Your task
With the images excluded, set down every line of the listing below exactly.

[Supplied data Boundary: Start]

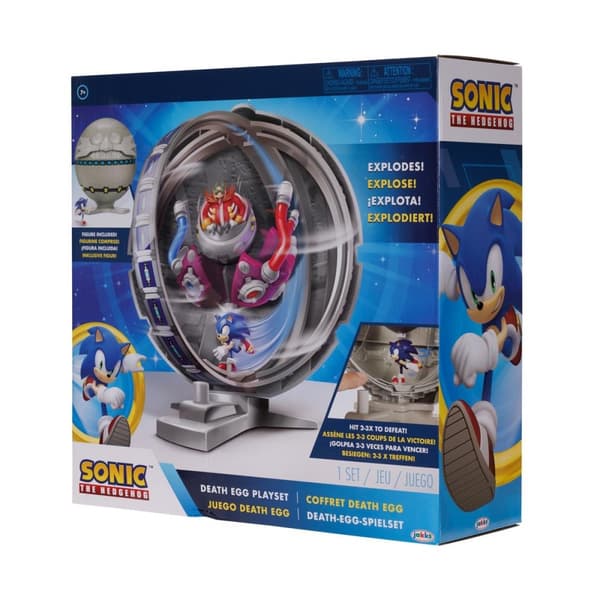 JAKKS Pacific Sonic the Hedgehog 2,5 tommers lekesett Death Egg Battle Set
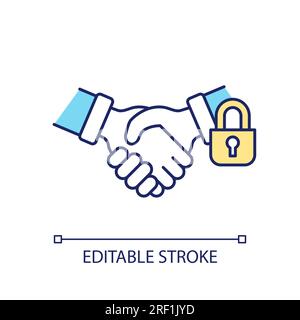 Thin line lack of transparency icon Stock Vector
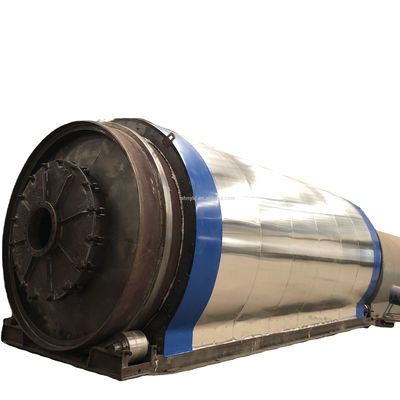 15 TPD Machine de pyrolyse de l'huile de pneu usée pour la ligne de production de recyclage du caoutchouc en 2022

[Supplied data Boundary: End]

Your response
 JAKKS Pacific Sonic the Hedgehog 2,5 tommers lekesett Death Egg Battle Set
 Thin line lack of transparency icon Stock Vector
 15 TPD Machine de pyrolyse de l'huile de pneu usée pour la ligne de production de recyclage du caoutchouc en 2022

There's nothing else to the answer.